El forastero avanzó hacia el mostrador y comenzó a relatarme su lista de la compra. Por el rabillo del ojo vi que las clientas eran tres peones moviéndose para que nadie tocase a su rey que era yo. No sabía a qué estaban jugando estas diosas del ajedrez, pero ahí estaban las hermanas Polgár moviendo ficha. En silencio. Una se quedó en la puerta y las otras dos un poco más adelantadas. Las tres detrás del forastero. Calladas. Sin quitarle ojo. Con los brazos así cruzados como la reina de Inglaterra mientras aguantaban con una mano la bolsa para el pan y con la otra hacían sonar las llaves. Mandándole un mensaje clarito: seguían ahí y estaban armadas.

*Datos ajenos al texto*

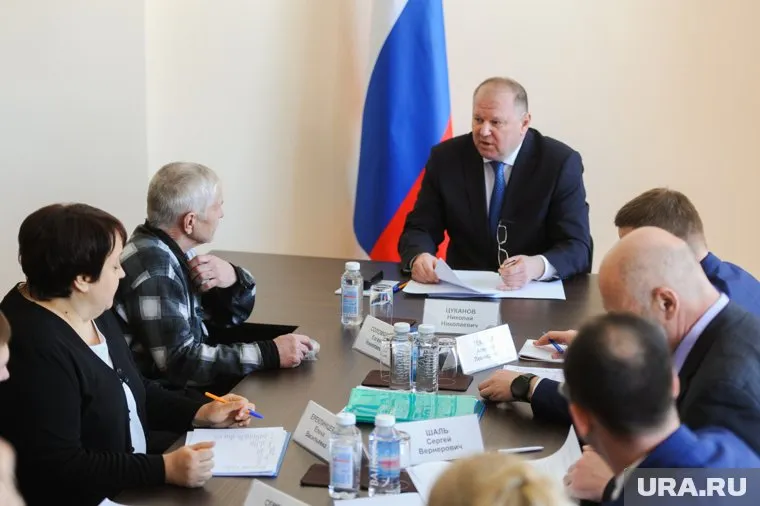 Николай Цуканов провел прием граждан в Карабаше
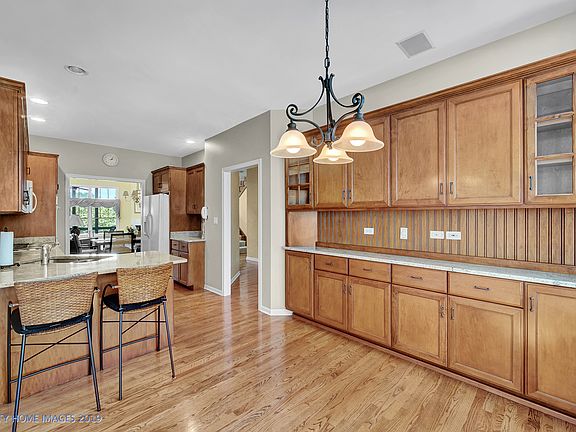 2nd image of 21625 Kent Ct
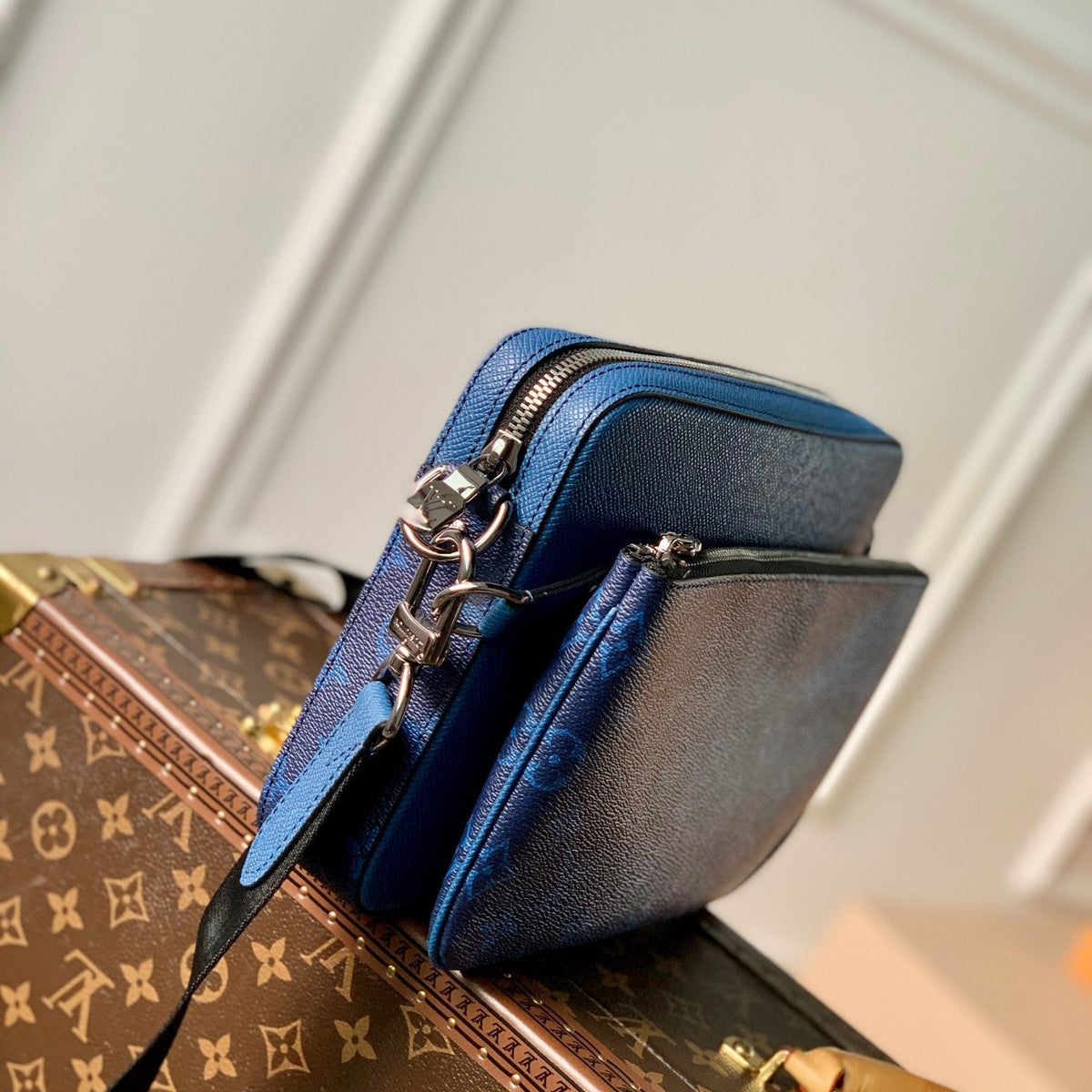 LOU TRIO MESSENGER BAG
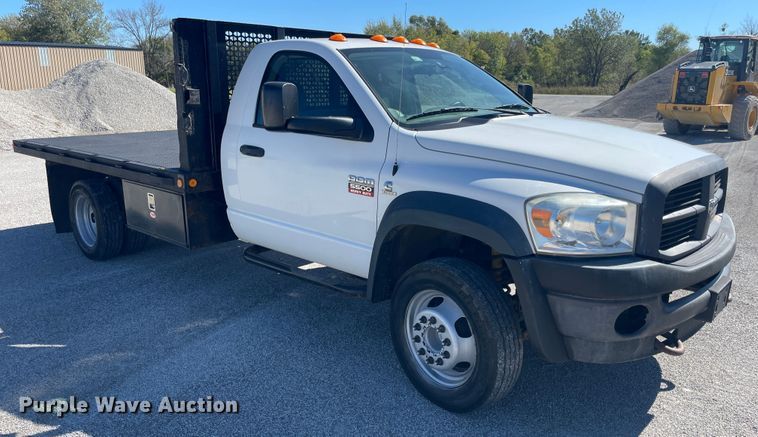 image for item II9466 2009 Dodge Ram 5500  flatbed truck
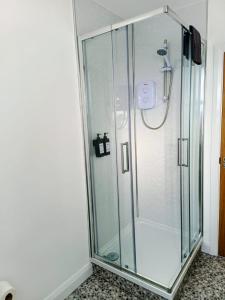 Modern 1 Bedroom Apt 5 near City Centre Parking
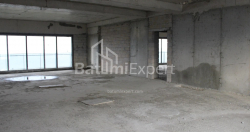 Пәтер 2-комн 173.2 m² - Лех және Мария Качинский, Batumi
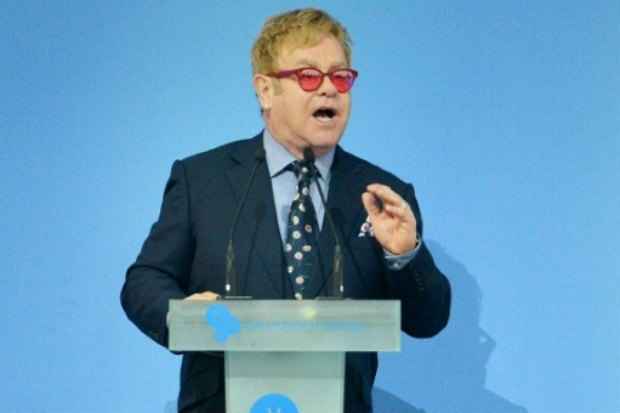 O astro britânico do pop Elton John discursa em Kiev, no dia 12 de setembro de 2015. Foto: AFP/Arquivos Genya Savilov/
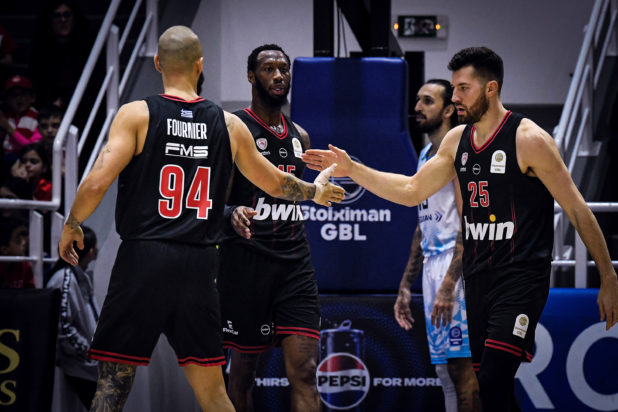 Κολοσσός, Ολυμπιακός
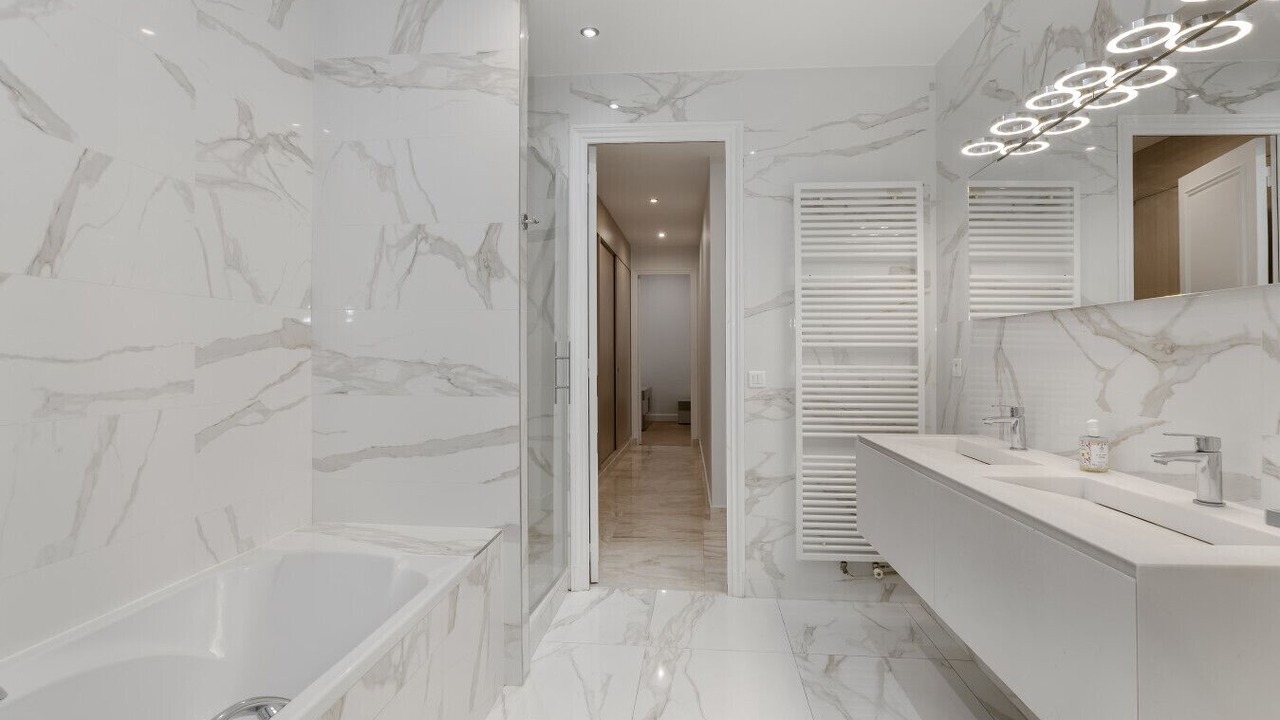 Photo of Bathroom in Chaillot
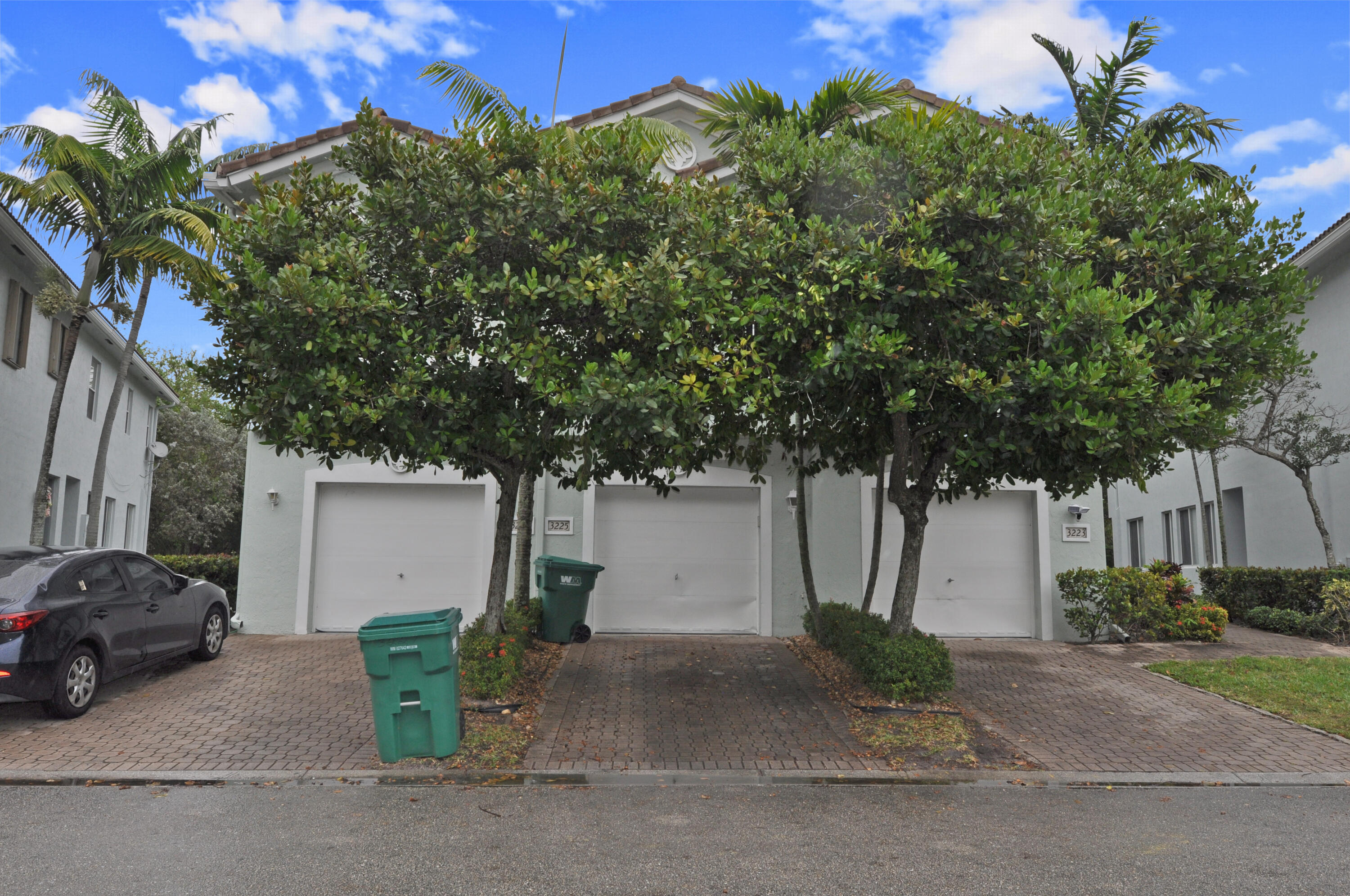 3225 Laurel Ridge Circle Riviera Beach, FL 33404 - Photo 2 of 24 DSC_0031-1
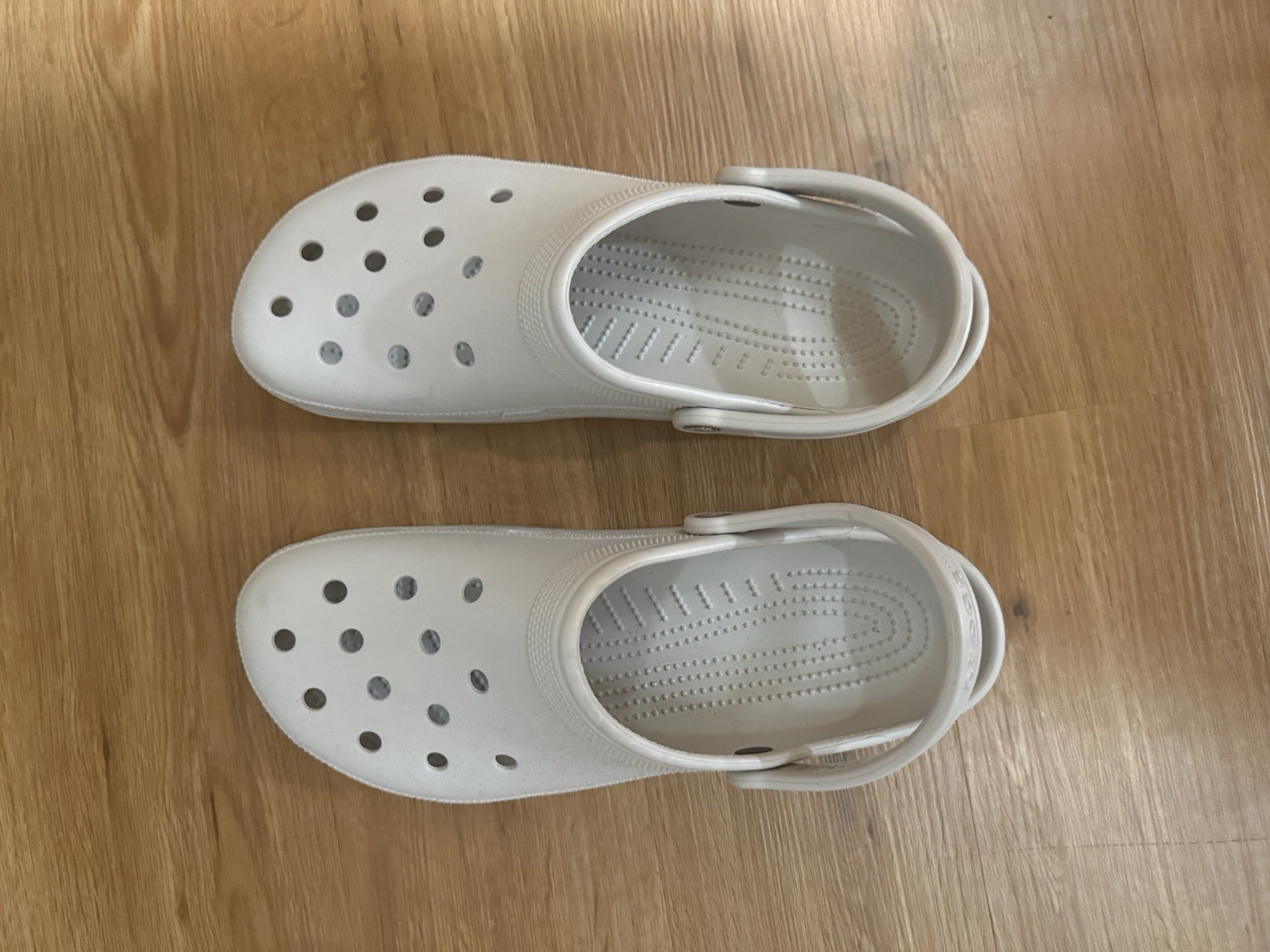 Crocs Men’s Atmosphere Gray Durable Croslite Clogs Size 14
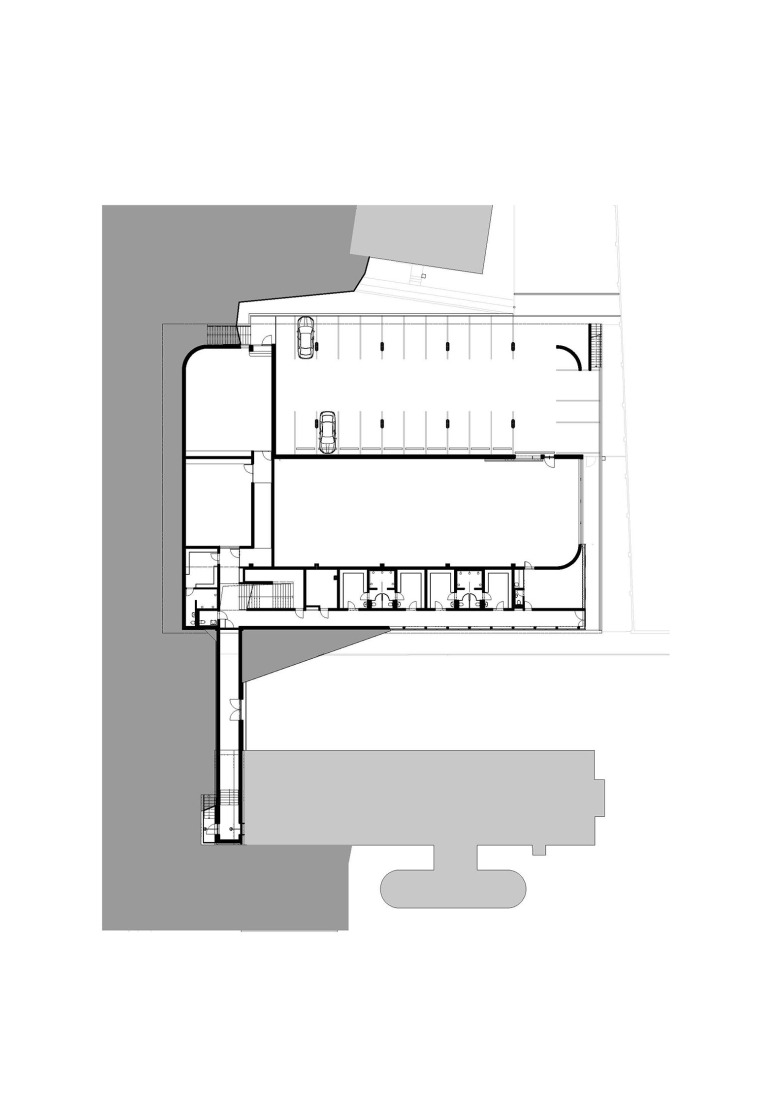 Plano de planta inferior. Pabellón deportivo de Řevnice por Grido architekti.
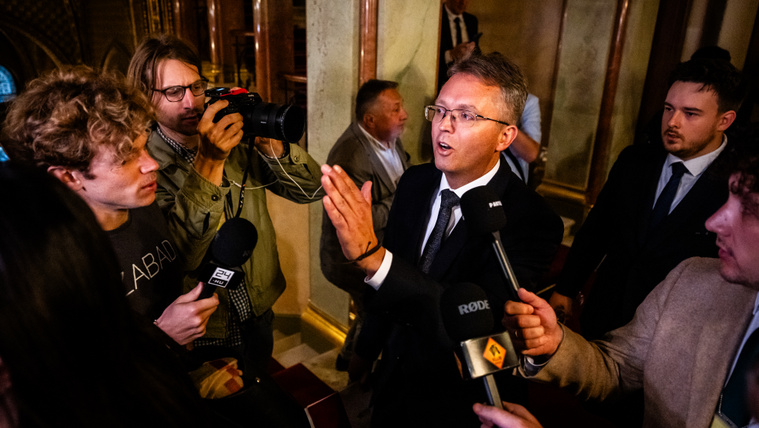 Hankó Balázst beidézte az&nbsp;ügyészség, elhagyta a&nbsp;Parlamentet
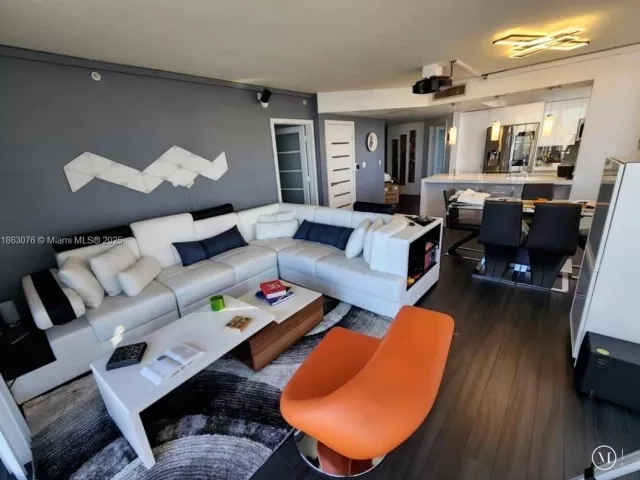 Продажа квартиры #1508 - фото 6443209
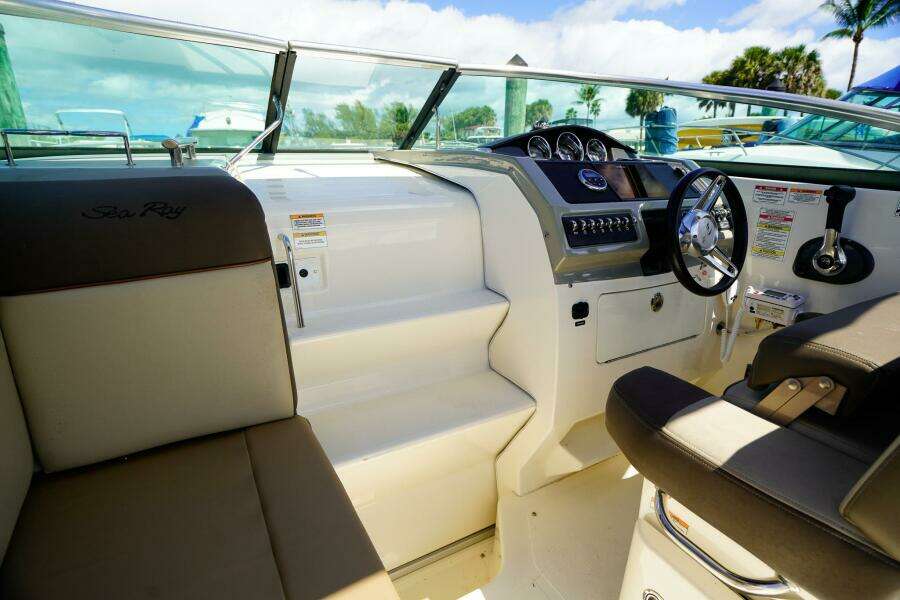 26ft Sea Ray Yacht For Sale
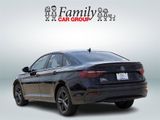 Used 2024 Volkswagen Jetta SE image 3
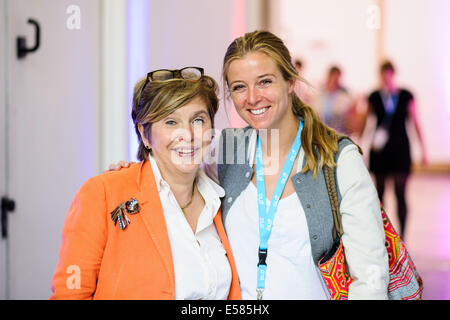 München, Deutschland. 22. Juli 2014. Nina Eichinger (Moderator, r.) stehen zusammen mit Steffi Czerny (DLD Media) im Rahmen eines Workshops der Übersetzung (Digital-Life-Design) Konferenz im Haus der Kunst in München. Das Motto des diesjährigen Übersetzung Innovationskonferenz von Hubert Burda Media am 21 und 22. Juli in München ist "Relevanz"! Bildnachweis: Dpa picture Alliance/Alamy Live News Stockfoto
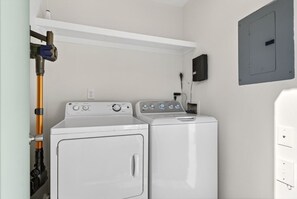Unclassified image, 5 of 37, button - Coastal Townhome in Gated Resort w Patio & Pool (Panama City Beach)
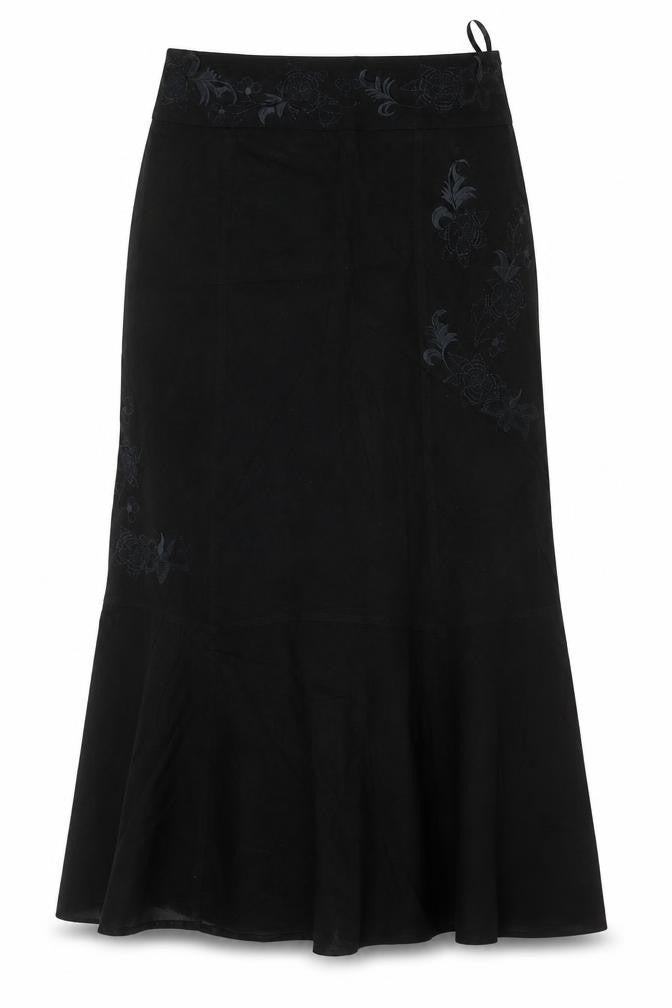 Evie Women Black Size 10 A-Line Stretch Knee Length Skirt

Cuando el hombre acabó de hacer su compra, la que custodiaba la puerta le abrió con una sonrisa entrañable y siguieron en silencio hasta que lo vieron desaparecer. Entonces la portavoz anunció: “Nos hemos quedado aquí no sea que te hiciera algo”. Iban a defenderme tres señoras de ochenta años. Tres octogenarias ninja. Aquella escena se repitió más veces. Cambiaba el forastero, cambiaban las ninjas, pero el código era el mismo y yo lo acaté.

Pasaron los años y dejé de trabajar en aquella tienda que también con el tiempo cerró. Algunas de mis ninjas ya no están y yo ahora vivo en Andalucía donde, por suerte, aún quedan ultramarinos como el de mi tía con clientela y costumbres similares. Ahora la forastera soy yo. Así que cuando entro en uno de estos establecimientos y oigo aquello de “despacha. Despáchala a ella, nosotras no tenemos prisa” me acuerdo de las ninjas del ultramarinos de mi tía. Avanzo muy despacio, pongo las manos en el mostrador y nunca, nunca saco el monedero con gestos bruscos. Sé que tengo a tres octogenarias preparadas para hacerme una llave. O clavármela.

Llevan toda la vida esperando ese momento.